[Opening Stored data section]

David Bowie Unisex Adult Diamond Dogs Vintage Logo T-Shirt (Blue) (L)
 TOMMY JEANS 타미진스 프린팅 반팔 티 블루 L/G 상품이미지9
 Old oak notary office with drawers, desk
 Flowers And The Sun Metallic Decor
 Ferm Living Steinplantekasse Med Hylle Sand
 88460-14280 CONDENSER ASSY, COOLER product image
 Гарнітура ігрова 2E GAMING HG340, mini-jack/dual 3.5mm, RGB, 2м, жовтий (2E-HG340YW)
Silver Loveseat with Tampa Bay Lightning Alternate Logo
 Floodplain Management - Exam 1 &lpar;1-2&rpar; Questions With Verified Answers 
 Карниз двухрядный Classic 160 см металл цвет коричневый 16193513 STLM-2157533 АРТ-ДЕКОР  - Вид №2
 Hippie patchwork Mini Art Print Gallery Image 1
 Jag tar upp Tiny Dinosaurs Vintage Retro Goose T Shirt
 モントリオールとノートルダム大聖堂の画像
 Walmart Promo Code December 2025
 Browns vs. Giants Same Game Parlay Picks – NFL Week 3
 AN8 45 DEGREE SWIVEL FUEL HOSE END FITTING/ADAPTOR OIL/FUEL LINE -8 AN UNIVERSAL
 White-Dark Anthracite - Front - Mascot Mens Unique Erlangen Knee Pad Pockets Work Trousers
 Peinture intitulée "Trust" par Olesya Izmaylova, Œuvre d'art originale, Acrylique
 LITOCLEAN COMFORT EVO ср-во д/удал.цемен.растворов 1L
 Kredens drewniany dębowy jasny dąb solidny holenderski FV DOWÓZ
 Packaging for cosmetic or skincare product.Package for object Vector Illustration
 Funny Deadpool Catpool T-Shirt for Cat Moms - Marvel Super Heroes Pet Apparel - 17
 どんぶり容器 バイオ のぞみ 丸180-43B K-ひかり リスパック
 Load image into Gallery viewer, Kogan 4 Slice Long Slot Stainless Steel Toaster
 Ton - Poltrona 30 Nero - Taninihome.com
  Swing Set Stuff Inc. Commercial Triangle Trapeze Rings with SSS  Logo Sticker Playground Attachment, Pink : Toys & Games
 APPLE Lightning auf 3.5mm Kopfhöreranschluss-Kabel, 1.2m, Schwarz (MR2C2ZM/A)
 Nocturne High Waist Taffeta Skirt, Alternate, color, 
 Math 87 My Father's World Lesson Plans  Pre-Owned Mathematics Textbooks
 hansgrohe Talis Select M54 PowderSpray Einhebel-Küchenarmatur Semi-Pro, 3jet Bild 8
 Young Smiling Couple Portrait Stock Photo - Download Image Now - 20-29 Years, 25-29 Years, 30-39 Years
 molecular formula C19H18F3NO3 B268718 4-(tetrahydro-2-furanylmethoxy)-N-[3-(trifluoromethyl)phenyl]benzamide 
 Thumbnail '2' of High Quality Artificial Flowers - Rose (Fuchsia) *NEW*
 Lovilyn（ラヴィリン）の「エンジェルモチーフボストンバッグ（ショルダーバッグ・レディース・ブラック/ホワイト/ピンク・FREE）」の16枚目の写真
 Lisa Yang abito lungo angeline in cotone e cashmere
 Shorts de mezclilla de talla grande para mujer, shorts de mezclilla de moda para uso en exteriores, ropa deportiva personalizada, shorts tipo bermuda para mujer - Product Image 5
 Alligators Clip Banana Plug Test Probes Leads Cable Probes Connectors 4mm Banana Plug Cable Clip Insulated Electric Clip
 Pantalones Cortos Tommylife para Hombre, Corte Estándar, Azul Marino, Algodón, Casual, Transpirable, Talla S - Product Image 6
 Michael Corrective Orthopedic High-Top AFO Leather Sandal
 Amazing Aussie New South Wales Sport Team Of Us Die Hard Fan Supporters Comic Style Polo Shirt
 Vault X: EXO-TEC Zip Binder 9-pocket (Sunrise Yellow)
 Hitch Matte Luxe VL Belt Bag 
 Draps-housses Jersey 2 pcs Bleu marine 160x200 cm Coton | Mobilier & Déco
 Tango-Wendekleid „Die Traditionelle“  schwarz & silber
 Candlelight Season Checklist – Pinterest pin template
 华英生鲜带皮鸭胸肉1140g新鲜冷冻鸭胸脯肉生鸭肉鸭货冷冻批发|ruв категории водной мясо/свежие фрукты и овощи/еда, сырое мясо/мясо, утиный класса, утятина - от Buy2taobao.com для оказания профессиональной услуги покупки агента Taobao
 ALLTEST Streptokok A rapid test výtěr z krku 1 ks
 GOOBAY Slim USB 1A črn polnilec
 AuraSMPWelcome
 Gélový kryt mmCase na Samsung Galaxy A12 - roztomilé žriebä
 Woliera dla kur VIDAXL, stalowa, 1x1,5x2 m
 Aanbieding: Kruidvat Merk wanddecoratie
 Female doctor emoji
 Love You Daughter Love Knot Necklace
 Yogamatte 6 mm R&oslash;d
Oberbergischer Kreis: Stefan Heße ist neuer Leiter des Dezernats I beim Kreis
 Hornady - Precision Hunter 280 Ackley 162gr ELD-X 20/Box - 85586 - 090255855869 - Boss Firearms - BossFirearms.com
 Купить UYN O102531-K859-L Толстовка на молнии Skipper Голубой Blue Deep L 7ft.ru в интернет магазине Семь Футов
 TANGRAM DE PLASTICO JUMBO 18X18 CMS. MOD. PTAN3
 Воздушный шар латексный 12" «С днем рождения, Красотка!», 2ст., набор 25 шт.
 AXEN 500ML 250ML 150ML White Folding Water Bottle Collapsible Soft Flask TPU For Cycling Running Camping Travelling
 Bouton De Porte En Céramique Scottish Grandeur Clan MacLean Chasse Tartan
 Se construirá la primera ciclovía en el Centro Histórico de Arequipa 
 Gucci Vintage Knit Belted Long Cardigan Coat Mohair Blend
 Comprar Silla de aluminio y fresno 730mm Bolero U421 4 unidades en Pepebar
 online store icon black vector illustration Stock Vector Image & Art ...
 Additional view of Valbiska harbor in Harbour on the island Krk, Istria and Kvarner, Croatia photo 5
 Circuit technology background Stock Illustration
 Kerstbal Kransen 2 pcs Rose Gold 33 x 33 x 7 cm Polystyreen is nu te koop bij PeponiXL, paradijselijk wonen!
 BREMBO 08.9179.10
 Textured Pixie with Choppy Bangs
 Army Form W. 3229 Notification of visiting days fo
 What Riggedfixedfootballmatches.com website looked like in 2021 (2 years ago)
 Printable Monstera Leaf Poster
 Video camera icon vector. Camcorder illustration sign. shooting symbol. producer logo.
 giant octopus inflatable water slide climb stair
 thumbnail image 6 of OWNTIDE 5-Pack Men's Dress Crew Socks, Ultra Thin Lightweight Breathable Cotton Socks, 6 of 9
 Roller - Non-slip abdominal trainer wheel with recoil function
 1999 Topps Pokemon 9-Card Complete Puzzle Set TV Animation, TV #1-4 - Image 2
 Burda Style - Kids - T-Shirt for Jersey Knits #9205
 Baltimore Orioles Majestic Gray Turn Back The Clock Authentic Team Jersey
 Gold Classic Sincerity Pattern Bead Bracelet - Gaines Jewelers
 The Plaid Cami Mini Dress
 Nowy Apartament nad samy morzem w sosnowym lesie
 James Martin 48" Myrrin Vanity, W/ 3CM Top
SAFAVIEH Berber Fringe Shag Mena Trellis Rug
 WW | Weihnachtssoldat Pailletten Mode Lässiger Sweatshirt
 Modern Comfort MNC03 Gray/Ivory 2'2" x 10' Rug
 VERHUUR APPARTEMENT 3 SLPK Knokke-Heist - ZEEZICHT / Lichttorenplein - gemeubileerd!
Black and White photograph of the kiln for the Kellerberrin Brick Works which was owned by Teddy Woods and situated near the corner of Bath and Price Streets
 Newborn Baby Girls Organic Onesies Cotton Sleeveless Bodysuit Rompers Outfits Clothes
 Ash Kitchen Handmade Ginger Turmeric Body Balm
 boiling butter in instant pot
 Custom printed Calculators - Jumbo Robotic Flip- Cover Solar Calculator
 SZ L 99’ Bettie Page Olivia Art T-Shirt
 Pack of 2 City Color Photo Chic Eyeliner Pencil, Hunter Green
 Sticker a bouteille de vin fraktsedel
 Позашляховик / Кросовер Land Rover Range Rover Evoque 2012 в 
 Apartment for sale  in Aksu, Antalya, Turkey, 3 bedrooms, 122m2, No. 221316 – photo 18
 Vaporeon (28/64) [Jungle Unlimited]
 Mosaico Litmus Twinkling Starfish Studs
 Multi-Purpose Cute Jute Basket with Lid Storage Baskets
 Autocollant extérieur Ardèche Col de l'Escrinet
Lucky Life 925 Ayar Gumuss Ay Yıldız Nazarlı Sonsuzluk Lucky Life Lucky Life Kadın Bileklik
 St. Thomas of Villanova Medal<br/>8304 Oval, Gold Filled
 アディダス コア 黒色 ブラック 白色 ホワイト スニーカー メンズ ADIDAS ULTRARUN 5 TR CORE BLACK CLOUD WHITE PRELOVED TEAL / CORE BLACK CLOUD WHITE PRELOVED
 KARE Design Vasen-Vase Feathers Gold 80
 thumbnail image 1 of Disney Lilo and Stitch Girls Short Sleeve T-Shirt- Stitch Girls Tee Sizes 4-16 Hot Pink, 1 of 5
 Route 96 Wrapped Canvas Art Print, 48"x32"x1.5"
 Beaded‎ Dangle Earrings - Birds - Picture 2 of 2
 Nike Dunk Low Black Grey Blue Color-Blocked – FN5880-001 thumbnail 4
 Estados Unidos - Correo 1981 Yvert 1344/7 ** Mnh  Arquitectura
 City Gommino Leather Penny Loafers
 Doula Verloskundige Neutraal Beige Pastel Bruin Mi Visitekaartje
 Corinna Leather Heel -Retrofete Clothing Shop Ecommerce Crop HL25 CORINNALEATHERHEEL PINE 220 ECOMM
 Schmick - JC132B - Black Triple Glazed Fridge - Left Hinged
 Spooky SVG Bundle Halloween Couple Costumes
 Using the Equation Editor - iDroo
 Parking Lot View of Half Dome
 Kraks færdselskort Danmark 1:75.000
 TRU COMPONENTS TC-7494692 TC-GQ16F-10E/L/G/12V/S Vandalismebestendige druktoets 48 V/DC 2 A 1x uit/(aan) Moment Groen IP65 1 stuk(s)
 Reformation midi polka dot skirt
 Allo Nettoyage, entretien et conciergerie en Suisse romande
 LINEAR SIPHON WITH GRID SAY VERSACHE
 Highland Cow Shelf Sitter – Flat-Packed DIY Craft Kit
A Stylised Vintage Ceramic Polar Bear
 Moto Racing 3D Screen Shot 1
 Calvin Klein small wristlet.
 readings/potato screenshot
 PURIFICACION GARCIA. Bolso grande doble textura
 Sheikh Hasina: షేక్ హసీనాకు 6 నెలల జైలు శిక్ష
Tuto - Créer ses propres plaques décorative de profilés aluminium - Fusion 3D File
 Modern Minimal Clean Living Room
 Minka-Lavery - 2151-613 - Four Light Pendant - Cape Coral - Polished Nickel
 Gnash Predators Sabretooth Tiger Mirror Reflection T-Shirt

[Closing Stored data section]

Could you return all lines from the records that include the word "Pink"?

  Swing Set Stuff Inc. Commercial Triangle Trapeze Rings with SSS  Logo Sticker Playground Attachment, Pink : Toys & Games
 thumbnail image 1 of Disney Lilo and Stitch Girls Short Sleeve T-Shirt- Stitch Girls Tee Sizes 4-16 Hot Pink, 1 of 5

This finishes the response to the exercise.